[Date Prev][Date Next][Thread Prev][Thread Next][Date Index][Thread Index] [List Home]
Re: [Dltk-dev] heredoc scanner help

hello all -

  after a bunch of trial and error (mostly error), i think i've come up w/ a solution for this, but i wanted to see if anyone saw any major potential issues.

  bruno: after messing around with this, the fact that D also supports an identifier means i believe you will also have to leverage this.

  i was successfully able to create a heredoc partition on an initial document open by overriding the 'nextToken()' method in my subclass of the RuleBasedPartitionScanner. the heredoc rule i created returned a HereDocToken sub-class (although i believe this is no longer necessary) to indicate to the partition scanner that the start of heredoc was seen and it would need to buffer tokens until the terminator was seen. it builds the buffer, tracking the offsets of the created tokens. when the tokens are removed from the buffer, the offsets maintained by the scanner are adjusted the partition offsets are correct.

  i discovered that if i went to insert characters before the start of the heredoc (<<), the partitioning would get all messed up b/c the partition scanner would abort processing once it saw the initial HereDocToken b/c it matched a prior token - this is line 372 of the FastPartitionScanner that i mentioned 50 emails ago :) - i resolved this by overriding

    setPartialRange(IDocument, int, int, String int)
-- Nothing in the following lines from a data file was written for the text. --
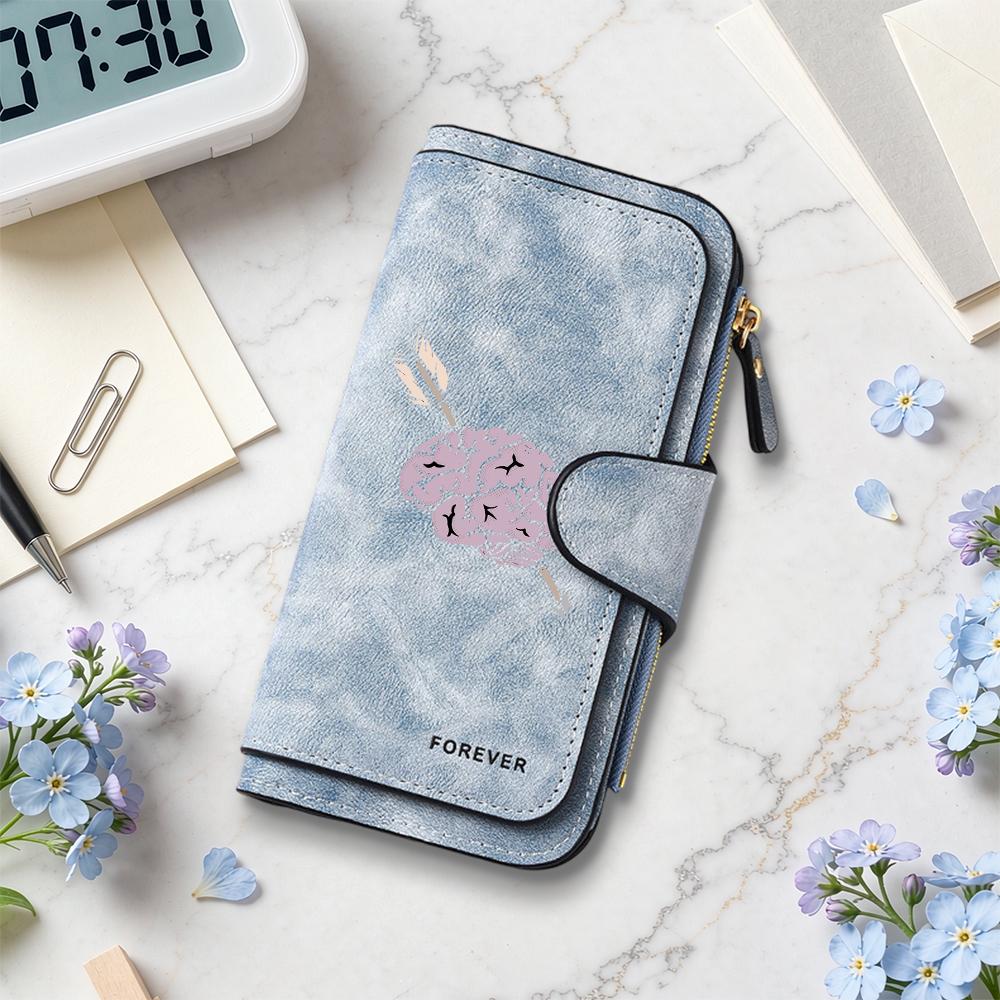 Creative Printed Long Wallet Fashion Casual Portable Multi Card Slot Daily Use Forever Leather Purse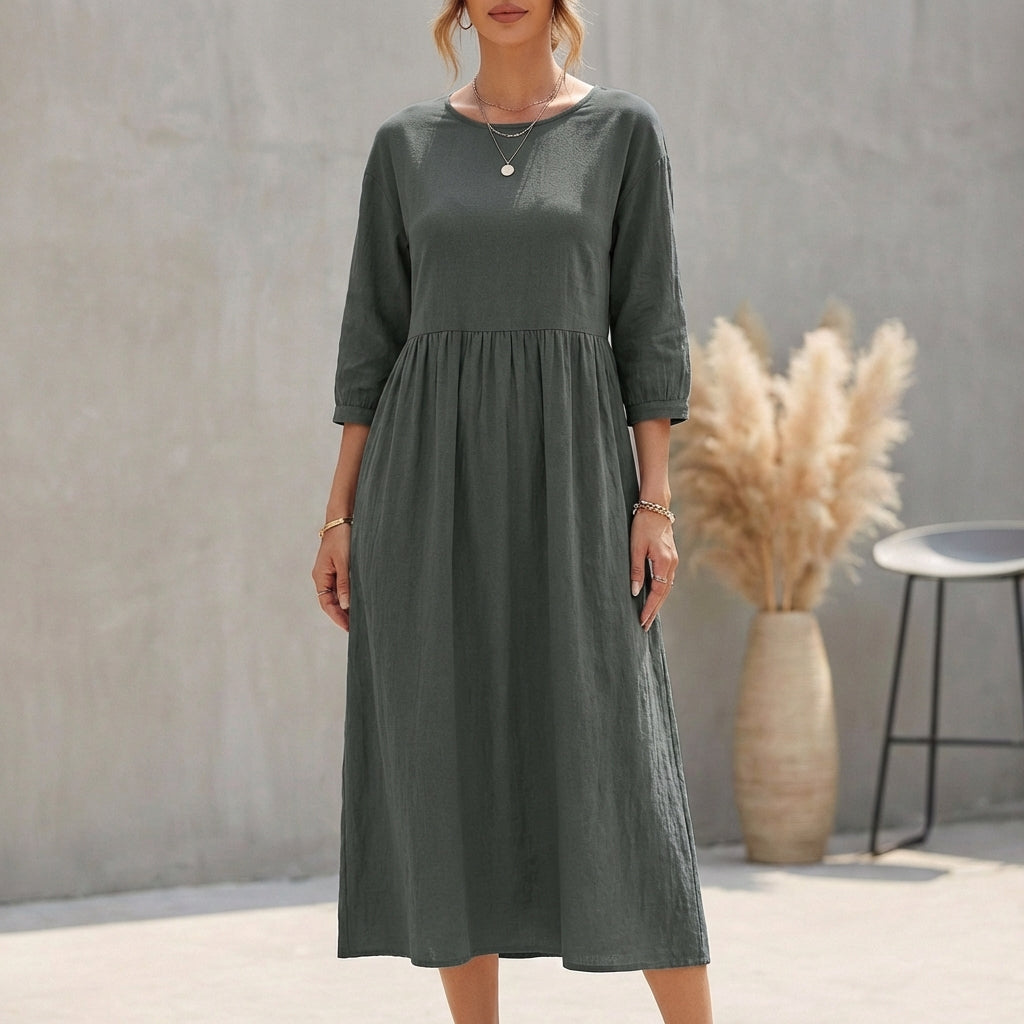 Image of Evelyn | Women's 3/4 Sleeve A-Line Midi Dress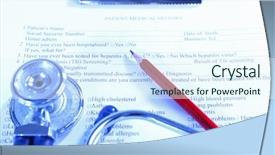  Presentation with medical clipboard - Beautiful PPT theme featuring medical history on clipboard with stethoscope close up backdrop and a sky blue colored foreground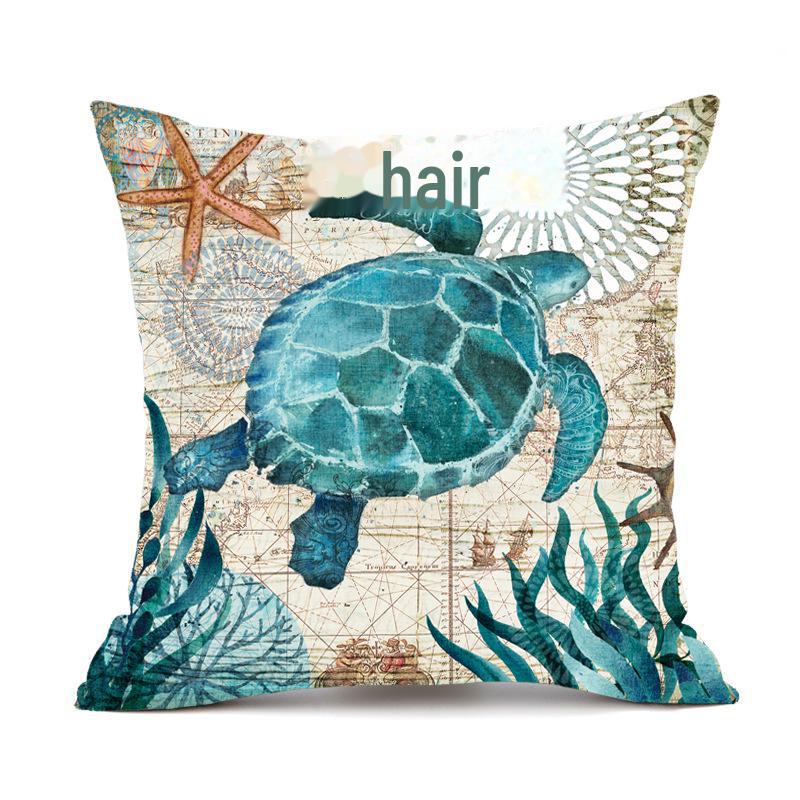 Přizpůsobitelný povlak na polštář s mořským životem: Povlak na polštář s designem želvy, mořského koníka, velryby a chobotnice.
  to clear the token buffer before it starts any processing, which seems to have addressed that problem.
  this is all fine and good and it alleviated my need to track and kind of state, until i made edits to the body of the heredoc...

  when heredoc rule would resume, but b/c it has no idea where it should terminate, the partition gets calculated incorrectly. a similar situation occurs when edits are made after the terminator (details aren't necessary here).

  so - it appears that i'm back to the original problem of needing to track information about the heredoc, namely what is its terminator and what is its ending offset in the document.

  after giving this some thought, i had the idea to tack this information on the end of the content type string that is returned by the getData() call on the token object. initially this didn't work b/c the partition type was no longer recognized, but after i overrode:


  to strip off the delimiter, the partitioning and coloring started working again.

  the first big question is, does anyone see anything wrong w/ tracking the terminator and offset via the data that is returned from the call to getData()? this does not seem to affect anything as long as that information is stripped off before anything else uses it and the above methods are the only ones i've encountered that do.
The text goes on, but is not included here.